# Work to complete:
Would you retype exactly the lines below, starting with the one that has "Mercedes-Benz Klasa E" and going on through the one that has "Plums Black, per lb", with no pictures and nothing else?

# Data for review:
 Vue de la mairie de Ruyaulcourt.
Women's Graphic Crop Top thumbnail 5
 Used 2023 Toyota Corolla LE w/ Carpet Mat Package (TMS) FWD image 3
---
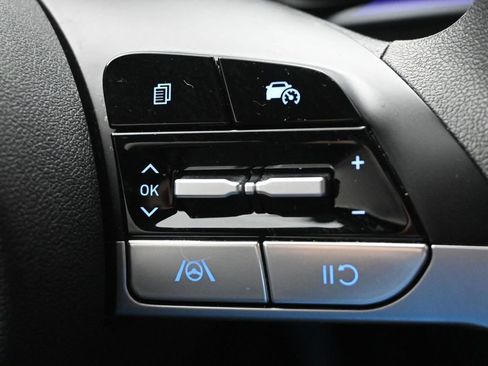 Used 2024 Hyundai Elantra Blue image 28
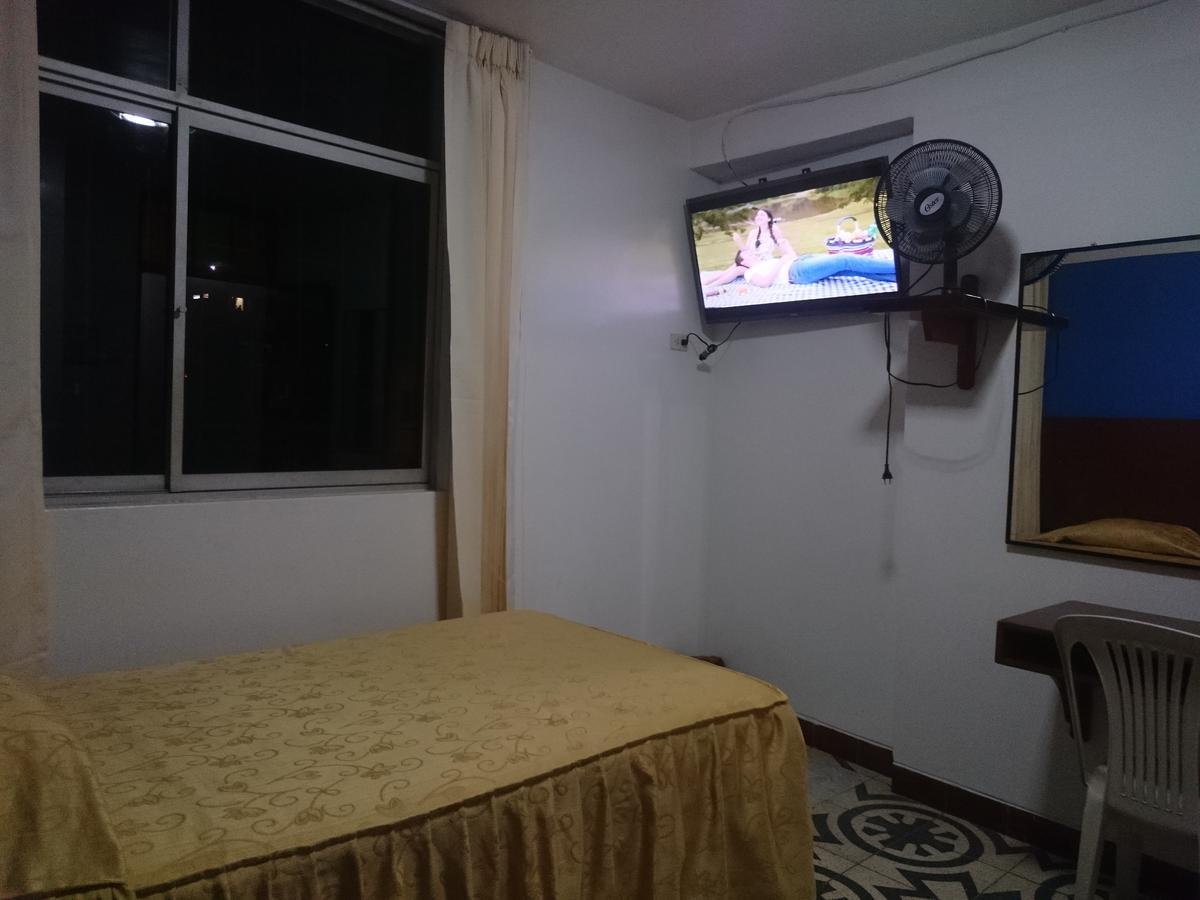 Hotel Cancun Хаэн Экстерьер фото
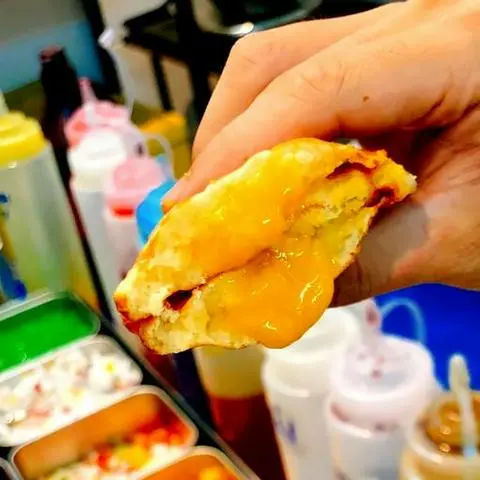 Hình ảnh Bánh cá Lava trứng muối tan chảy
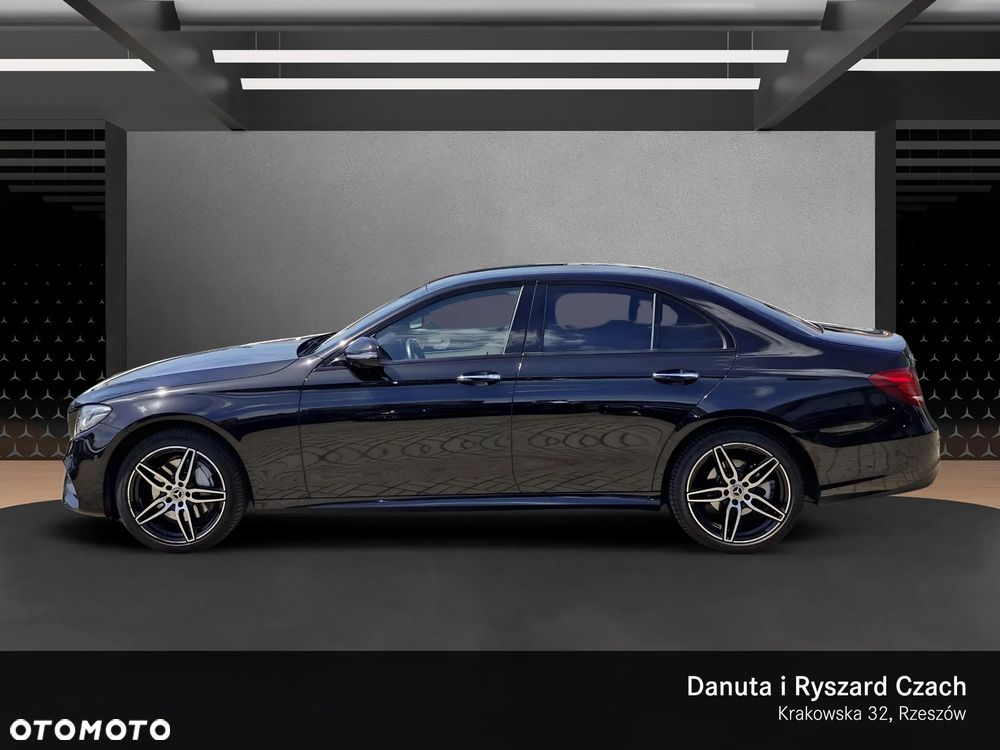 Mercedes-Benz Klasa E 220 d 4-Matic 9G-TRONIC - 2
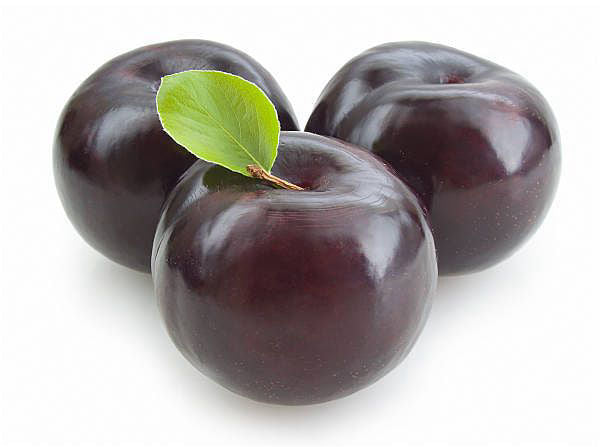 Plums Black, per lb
* * *
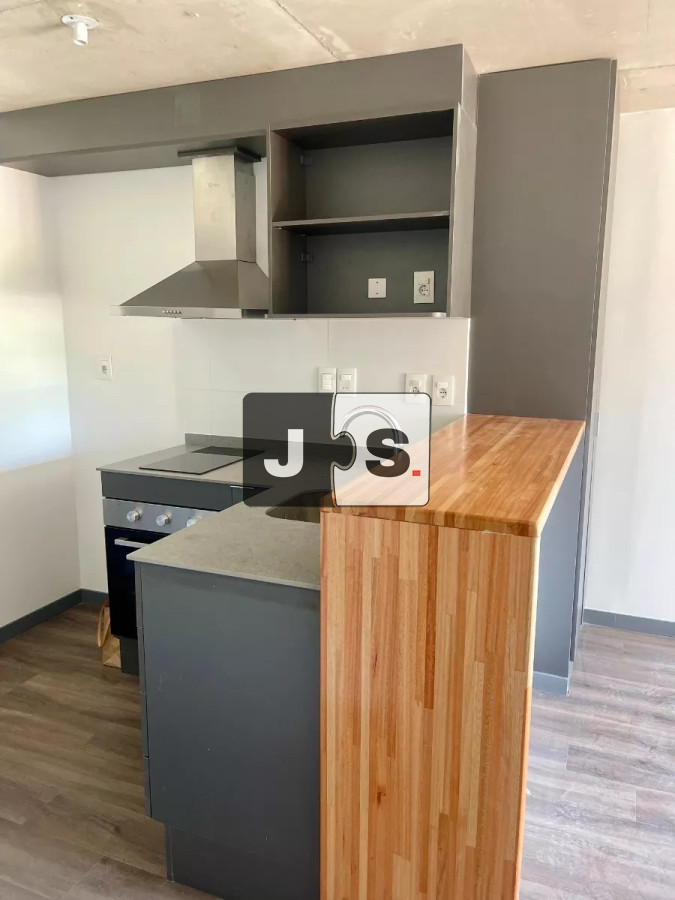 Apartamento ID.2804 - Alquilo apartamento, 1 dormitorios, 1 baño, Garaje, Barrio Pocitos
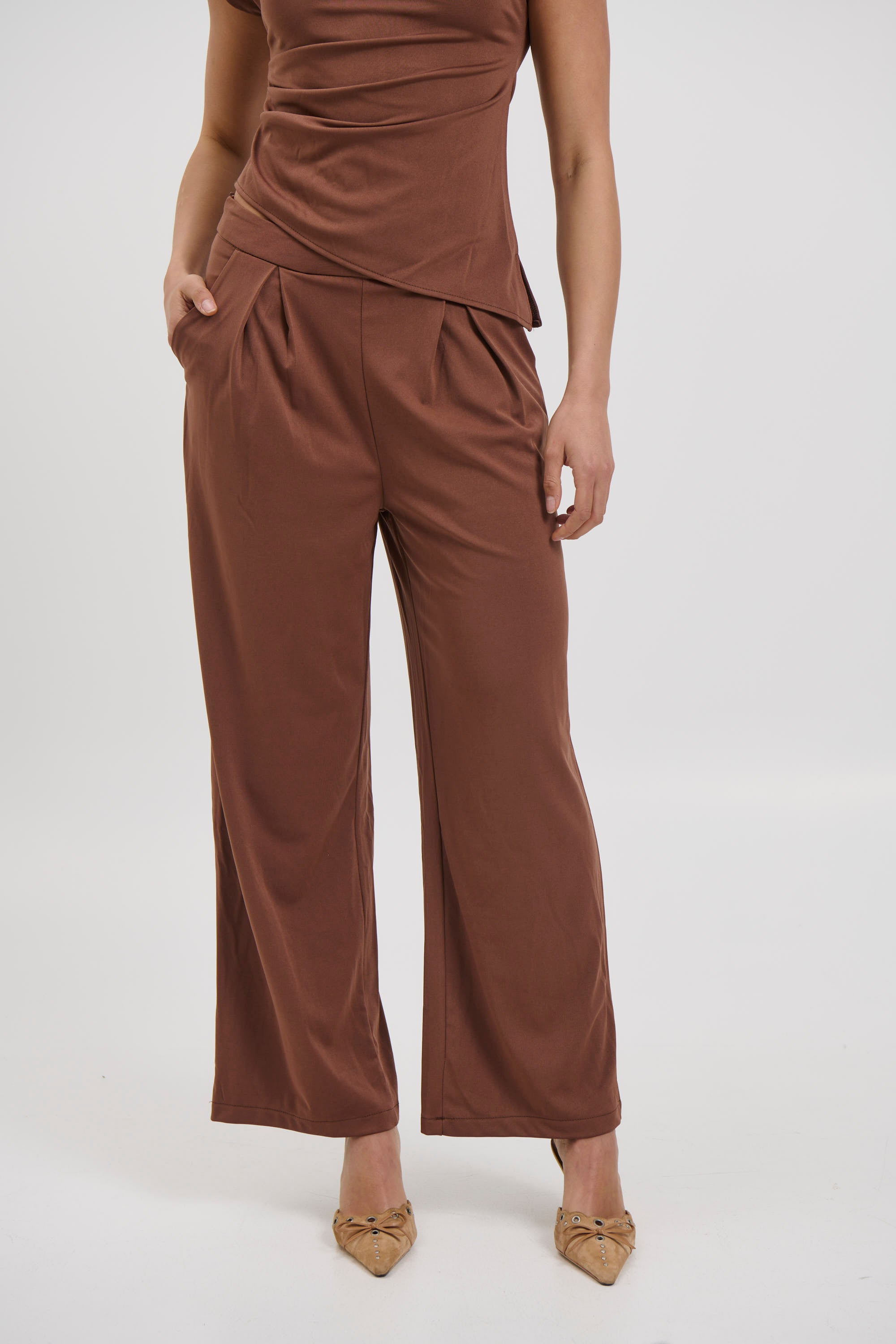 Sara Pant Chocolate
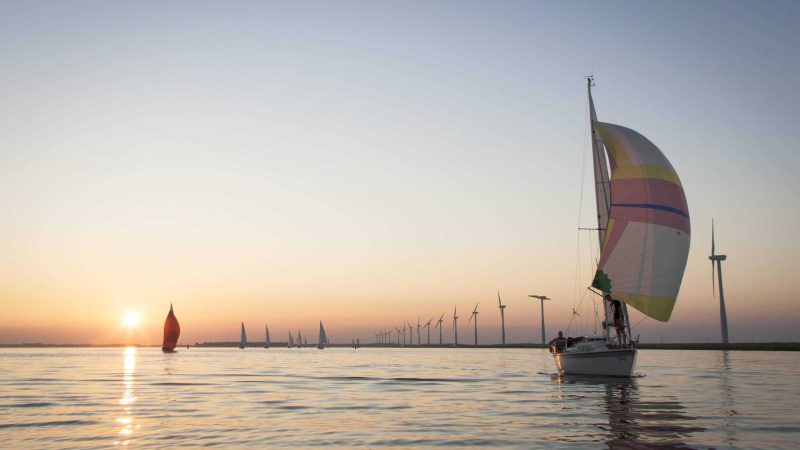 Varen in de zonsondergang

# Answer box:
 Mercedes-Benz Klasa E 220 d 4-Matic 9G-TRONIC - 2
 Plums Black, per lb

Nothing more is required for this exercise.